Kritik zu Gernstls Reisen – Auf der Suche nach irgendwas
Franz Xaver Gernstl quatscht Leute an – und filmt dabei. Seine unprätentiösen
Miniaturen aus dem Alltag funktionieren überraschenderweise gut auf der Leinwand
Von Süden nach Norden. Und von Osten nach Westen. Seit vierzig Jahren bereist Franz Xaver Gernstl mit einem Kamera- und einem Tonmann Deutschland. Mehrfach wurden seine filmischen Reisetagebücher mit dem Grimme-Preis prämiert. Seine aus dem Bauch heraus gedrehten Notizen aus der Provinz sind eigentlich typische Fernsehproduktionen. Doch nun bringt Gernstl, der unter anderem Filme von Doris Dörrie, Fatih Akin und Andreas Dresen produzierte, einen aktualisierten Rückblick auf die interessantesten Begegnungen seiner mitgeschnittenen Landstreicherei ins Kino. Seine unprätentiösen Miniaturen über Menschen, denen außer Gernstl wohl kaum jemand Beachtung geschenkt hätte, funktionieren auch auf der großen Leinwand. Und das sogar überraschend gut.

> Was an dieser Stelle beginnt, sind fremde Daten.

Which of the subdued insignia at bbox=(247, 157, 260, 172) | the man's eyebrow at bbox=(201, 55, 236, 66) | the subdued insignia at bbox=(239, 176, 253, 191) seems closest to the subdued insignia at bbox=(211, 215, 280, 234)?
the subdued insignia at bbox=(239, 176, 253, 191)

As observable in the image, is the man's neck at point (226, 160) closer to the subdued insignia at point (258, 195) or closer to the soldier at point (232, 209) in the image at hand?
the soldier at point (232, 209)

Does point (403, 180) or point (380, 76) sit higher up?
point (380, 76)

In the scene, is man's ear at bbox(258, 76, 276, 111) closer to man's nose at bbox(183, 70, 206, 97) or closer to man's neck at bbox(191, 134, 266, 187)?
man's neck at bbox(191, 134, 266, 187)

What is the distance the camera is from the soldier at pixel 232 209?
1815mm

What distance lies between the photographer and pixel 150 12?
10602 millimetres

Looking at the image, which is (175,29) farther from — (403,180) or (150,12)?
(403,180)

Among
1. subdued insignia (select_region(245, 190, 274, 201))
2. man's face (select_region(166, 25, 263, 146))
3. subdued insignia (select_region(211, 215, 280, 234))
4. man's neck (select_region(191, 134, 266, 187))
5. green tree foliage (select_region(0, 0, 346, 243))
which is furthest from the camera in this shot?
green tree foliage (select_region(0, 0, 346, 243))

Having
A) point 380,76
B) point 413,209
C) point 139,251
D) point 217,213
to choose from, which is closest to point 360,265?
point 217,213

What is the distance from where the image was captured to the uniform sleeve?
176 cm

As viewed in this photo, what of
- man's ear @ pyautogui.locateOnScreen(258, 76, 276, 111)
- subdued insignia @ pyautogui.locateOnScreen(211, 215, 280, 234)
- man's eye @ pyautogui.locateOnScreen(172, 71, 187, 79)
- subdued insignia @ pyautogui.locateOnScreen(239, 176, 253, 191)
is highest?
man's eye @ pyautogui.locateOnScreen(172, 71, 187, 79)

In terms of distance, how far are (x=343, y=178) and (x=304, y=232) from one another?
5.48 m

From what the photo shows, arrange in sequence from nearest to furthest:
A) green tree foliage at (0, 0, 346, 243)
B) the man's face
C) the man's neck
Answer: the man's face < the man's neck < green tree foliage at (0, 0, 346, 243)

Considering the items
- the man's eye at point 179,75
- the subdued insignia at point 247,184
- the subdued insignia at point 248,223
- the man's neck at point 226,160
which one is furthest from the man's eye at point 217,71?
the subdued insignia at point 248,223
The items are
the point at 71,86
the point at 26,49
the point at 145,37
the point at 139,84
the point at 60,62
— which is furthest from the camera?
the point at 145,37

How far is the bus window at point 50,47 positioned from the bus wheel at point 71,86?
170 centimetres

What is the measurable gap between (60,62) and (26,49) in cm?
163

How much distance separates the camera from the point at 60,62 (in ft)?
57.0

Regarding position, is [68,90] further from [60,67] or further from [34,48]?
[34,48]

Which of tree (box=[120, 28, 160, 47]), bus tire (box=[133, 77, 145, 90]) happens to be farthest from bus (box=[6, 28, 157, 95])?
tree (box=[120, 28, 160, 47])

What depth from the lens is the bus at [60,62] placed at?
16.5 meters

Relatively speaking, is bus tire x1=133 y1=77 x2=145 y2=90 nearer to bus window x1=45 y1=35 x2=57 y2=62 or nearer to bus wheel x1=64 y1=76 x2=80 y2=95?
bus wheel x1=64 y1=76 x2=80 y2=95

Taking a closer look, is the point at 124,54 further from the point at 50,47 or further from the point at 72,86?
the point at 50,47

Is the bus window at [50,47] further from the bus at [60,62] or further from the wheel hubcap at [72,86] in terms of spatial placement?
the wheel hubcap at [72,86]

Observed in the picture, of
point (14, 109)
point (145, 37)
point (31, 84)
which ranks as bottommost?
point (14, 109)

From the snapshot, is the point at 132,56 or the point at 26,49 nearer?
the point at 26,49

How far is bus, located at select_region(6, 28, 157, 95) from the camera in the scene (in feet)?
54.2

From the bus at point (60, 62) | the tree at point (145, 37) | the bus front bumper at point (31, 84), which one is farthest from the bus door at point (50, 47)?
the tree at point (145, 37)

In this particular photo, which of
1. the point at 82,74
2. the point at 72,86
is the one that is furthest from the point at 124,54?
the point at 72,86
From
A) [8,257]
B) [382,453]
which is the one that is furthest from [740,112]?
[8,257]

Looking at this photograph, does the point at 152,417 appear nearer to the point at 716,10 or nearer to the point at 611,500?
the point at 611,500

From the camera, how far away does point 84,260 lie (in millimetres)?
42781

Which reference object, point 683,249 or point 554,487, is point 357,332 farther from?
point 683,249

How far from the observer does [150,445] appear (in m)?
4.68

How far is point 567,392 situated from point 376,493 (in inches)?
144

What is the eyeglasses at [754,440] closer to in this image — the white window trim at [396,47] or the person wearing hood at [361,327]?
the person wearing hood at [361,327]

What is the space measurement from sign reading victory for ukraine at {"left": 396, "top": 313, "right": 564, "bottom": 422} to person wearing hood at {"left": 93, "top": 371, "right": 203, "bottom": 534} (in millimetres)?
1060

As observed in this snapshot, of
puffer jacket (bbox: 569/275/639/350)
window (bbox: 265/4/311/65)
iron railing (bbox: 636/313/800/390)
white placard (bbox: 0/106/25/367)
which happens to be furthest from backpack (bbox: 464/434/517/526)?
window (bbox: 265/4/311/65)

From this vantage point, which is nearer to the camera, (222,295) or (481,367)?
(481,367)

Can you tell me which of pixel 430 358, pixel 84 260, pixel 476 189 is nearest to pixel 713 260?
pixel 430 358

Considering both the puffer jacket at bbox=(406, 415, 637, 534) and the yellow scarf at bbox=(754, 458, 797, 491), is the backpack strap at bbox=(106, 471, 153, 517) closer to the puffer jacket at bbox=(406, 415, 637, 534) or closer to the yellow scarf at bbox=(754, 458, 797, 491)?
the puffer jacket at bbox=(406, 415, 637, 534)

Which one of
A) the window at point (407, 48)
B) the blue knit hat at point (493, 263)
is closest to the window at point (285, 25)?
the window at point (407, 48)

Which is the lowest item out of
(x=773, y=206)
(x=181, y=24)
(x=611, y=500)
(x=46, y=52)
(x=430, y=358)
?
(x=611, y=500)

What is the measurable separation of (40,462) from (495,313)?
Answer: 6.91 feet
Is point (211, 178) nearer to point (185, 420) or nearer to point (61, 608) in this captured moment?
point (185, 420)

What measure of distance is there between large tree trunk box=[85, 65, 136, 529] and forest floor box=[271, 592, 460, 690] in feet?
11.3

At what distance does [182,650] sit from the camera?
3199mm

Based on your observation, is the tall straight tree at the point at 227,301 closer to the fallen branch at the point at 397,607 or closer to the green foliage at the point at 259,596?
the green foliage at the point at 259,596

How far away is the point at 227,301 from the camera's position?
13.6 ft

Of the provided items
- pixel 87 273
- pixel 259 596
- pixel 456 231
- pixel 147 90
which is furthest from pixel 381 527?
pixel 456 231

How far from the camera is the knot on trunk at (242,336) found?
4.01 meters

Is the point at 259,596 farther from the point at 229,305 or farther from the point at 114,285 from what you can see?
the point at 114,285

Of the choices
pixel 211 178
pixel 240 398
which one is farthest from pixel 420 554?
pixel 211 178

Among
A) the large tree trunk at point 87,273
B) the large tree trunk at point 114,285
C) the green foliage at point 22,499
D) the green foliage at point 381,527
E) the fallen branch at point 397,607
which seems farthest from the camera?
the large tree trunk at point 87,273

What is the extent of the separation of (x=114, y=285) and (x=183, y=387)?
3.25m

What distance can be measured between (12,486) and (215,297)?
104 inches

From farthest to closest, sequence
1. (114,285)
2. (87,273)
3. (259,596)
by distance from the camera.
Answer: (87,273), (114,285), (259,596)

Alles begann 1983 an einer gottverlassenen Bushaltestelle in Baden-Württemberg. Gernstl hatte Jack Kerouacs »On The Road« gelesen und träumte von der großen Freiheit auf der Straße. Kurzerhand überredete er seine Eltern, ihr Haus zu verpfänden. Mit dem Geld finanzierte er das Equipment samt einem alten Lieferwagen. »Fahrt mal los und schaut, was euch unterkommt«, erklärte ein Redakteur vom Bayerischen Rundfunk. Ein derartiger Start für ein neues Format wäre heute wohl undenkbar.

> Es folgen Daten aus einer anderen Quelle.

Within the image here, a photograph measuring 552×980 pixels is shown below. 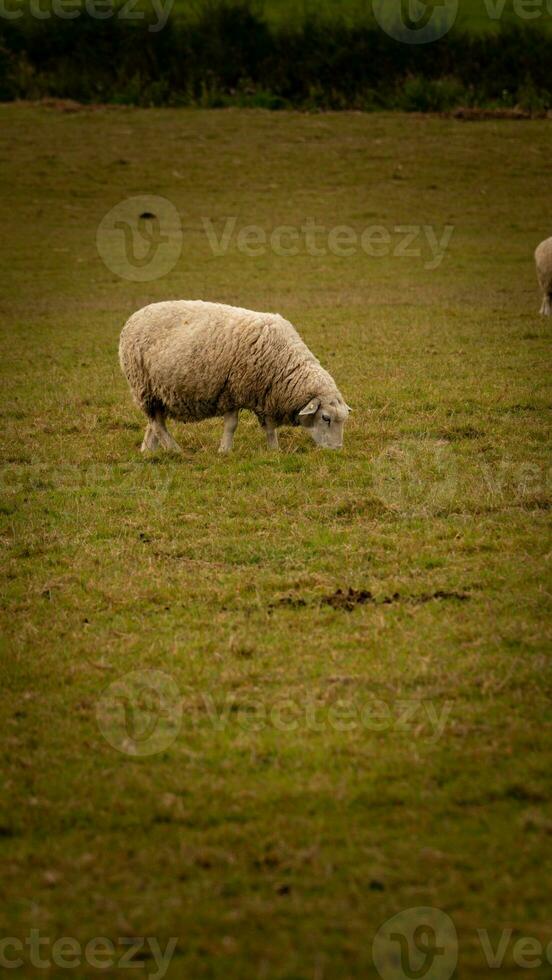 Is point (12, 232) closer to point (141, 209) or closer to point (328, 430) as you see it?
point (141, 209)

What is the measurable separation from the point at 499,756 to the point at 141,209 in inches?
1100

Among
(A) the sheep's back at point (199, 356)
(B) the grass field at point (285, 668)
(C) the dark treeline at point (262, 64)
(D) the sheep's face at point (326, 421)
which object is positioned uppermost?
(C) the dark treeline at point (262, 64)

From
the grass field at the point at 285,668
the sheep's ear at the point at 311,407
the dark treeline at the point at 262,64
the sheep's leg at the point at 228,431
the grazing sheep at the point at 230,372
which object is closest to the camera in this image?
the grass field at the point at 285,668

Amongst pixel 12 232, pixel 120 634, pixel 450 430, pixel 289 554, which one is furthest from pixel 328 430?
pixel 12 232

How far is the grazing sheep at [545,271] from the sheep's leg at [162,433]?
10.4 m

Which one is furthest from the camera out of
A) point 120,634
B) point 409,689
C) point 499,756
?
point 120,634

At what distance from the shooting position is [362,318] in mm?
19562

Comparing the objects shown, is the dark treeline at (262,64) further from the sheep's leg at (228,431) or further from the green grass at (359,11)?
the sheep's leg at (228,431)

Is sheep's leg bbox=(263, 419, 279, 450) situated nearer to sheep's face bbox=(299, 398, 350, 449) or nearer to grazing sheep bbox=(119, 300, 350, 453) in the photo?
grazing sheep bbox=(119, 300, 350, 453)

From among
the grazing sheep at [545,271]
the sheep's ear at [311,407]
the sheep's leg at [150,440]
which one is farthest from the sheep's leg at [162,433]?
the grazing sheep at [545,271]

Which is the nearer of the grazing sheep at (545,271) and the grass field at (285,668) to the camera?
the grass field at (285,668)

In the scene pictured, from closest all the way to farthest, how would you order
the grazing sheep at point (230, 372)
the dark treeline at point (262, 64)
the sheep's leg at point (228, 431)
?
the grazing sheep at point (230, 372), the sheep's leg at point (228, 431), the dark treeline at point (262, 64)

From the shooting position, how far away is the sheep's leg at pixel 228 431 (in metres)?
10.6

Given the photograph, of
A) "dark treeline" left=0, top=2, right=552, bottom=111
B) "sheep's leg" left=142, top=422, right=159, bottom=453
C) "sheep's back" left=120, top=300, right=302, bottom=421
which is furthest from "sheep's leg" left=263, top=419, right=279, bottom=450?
"dark treeline" left=0, top=2, right=552, bottom=111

Und dann stand Gernstl an dieser Bushaltestelle irgendwo im Nirgendwo und fragte eine junge Frau, wann der Bus kommt. Banaler geht es wirklich nicht. Das war jedoch der Startmoment für Hunderte weitere Begegnungen der unprätentiösen Art: Anquatschen, Zuhören und ins Plaudern kommen: Dieses denkbar einfache – aber nicht einfach umsetzbare – Prinzip führt jeweils dazu, dass Menschen sich öffnen. Man spürt, dass sie nicht das Gefühl haben, vor der Kamera zum Sprechen gebracht zu werden.

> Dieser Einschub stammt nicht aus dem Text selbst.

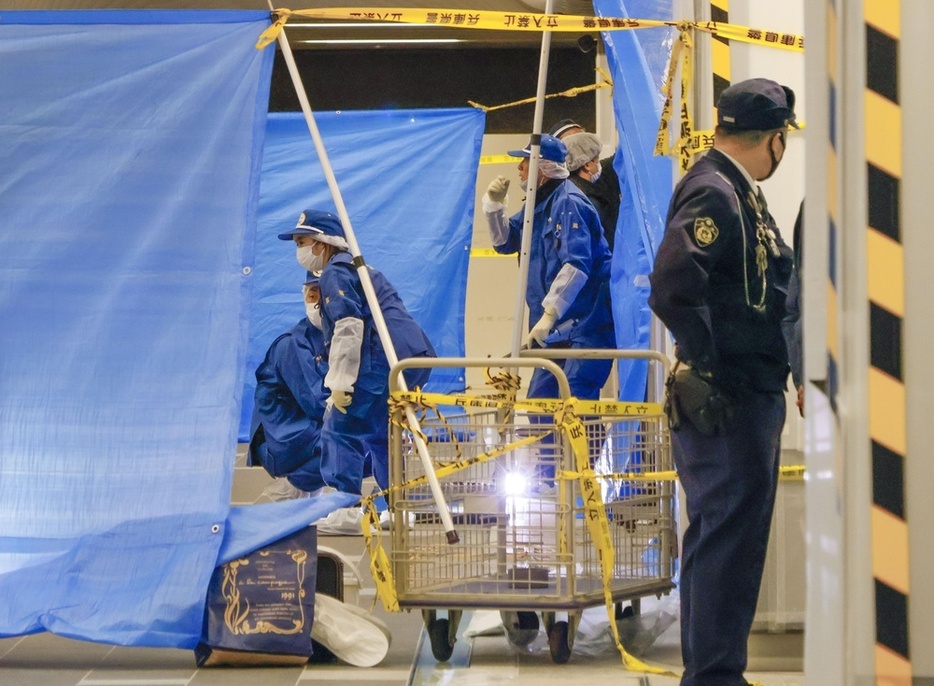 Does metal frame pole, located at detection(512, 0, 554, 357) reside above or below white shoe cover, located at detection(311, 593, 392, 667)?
above

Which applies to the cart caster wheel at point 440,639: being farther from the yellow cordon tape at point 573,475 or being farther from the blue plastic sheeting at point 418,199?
the blue plastic sheeting at point 418,199

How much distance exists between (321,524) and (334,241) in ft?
5.26

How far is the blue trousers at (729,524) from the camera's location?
13.2 feet

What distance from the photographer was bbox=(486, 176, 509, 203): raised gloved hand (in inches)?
296

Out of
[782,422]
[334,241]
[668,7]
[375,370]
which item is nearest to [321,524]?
[375,370]

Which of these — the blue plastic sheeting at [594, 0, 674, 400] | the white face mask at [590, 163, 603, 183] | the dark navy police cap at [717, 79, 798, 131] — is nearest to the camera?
the dark navy police cap at [717, 79, 798, 131]

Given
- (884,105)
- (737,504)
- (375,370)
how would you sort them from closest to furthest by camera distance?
(884,105) → (737,504) → (375,370)

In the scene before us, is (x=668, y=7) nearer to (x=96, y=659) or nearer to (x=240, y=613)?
(x=240, y=613)

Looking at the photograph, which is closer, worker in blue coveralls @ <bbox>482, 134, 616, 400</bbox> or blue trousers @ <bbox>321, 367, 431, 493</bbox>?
worker in blue coveralls @ <bbox>482, 134, 616, 400</bbox>

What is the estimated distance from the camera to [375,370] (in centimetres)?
746

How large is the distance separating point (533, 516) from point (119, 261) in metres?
1.86

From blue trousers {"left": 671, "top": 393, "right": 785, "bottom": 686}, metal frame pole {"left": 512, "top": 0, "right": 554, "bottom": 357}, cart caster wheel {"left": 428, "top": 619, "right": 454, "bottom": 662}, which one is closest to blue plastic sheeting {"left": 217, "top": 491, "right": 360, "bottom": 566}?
cart caster wheel {"left": 428, "top": 619, "right": 454, "bottom": 662}

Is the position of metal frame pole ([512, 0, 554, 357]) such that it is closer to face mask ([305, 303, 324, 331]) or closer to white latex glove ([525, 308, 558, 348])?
white latex glove ([525, 308, 558, 348])

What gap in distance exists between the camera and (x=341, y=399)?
7352 mm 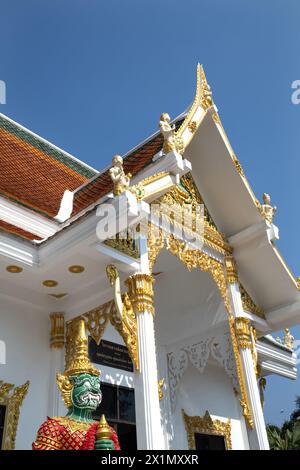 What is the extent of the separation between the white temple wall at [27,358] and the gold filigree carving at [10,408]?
0.25 feet

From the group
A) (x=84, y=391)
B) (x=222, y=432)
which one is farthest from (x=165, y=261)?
(x=84, y=391)

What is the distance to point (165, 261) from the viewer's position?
680cm

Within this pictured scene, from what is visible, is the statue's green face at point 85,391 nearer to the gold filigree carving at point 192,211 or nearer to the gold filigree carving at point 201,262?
the gold filigree carving at point 192,211

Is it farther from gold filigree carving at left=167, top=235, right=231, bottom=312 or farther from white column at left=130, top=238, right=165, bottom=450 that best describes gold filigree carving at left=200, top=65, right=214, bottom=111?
white column at left=130, top=238, right=165, bottom=450

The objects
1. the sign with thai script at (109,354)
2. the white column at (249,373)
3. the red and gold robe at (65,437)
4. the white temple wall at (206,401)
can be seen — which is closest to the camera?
the red and gold robe at (65,437)

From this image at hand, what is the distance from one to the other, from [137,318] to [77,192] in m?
4.10

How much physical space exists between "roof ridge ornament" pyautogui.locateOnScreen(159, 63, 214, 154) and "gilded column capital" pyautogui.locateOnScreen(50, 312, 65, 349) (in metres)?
2.51

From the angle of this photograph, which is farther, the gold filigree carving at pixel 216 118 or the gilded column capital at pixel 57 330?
the gold filigree carving at pixel 216 118

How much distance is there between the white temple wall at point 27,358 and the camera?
5.56 m

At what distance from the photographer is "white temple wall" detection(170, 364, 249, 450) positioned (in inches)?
288

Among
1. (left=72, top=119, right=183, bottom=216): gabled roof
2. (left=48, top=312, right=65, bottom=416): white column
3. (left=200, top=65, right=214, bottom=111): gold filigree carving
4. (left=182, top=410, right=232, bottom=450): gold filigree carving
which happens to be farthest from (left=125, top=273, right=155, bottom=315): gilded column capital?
(left=182, top=410, right=232, bottom=450): gold filigree carving

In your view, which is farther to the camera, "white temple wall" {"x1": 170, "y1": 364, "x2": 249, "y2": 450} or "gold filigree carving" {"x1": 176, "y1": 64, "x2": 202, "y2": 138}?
"white temple wall" {"x1": 170, "y1": 364, "x2": 249, "y2": 450}

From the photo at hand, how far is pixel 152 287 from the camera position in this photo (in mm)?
5844

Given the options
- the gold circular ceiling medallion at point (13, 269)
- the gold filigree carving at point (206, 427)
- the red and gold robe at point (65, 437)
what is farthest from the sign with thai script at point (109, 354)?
the red and gold robe at point (65, 437)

Tatsächlich hat keiner der Angesprochenen irgendein Sendungsbewusstsein. Und doch haben alle auf persönliche Art etwas zu sagen. Mit dünner Stimme berichtet eine Frau auf einem Friedhof in Ostdeutschland davon, wie sie nach dem Tod ihres Mannes allmählich wieder ins Leben zurückfand. Ein Müller vor einer traditionellen Windmühle erklärt, warum er mit sehr wenig auskommt. Und ein Vater in der Nähe von Köln erzählt, warum ihn sein Sohn mit Downsyndrom glücklich macht. Gernstl sucht nicht nach derart unterschwelligen Geschichten. Er findet sie. Über die Jahre hinweg hat der Filmemacher ein Ohr für das Wundervolle im Banalen entwickelt.
Für die große Leinwand hat Gernstl das Format ein wenig aufpoliert. Die Musikuntermalung forciert hier und da die Stimmung. Ton- und Kameramann sind zu sehen. Der erwachsene Sohn, selbst Filmemacher, kommentiert die Arbeit des Vaters. Beim Kochen unterhalten die beiden sich darüber, dass man das Glück nicht findet, wenn man danach sucht. Zuweilen erscheint »Gernstls Reisen« schon etwas mit Metaebenen überladen. Der urwüchsige Charme dieser liebenswürdigen Erkundungen des Alltäglichen ist glücklicherweise erhalten geblieben. Gernstl hat das Genre des Heimatfilms auf seine Weise neu definiert.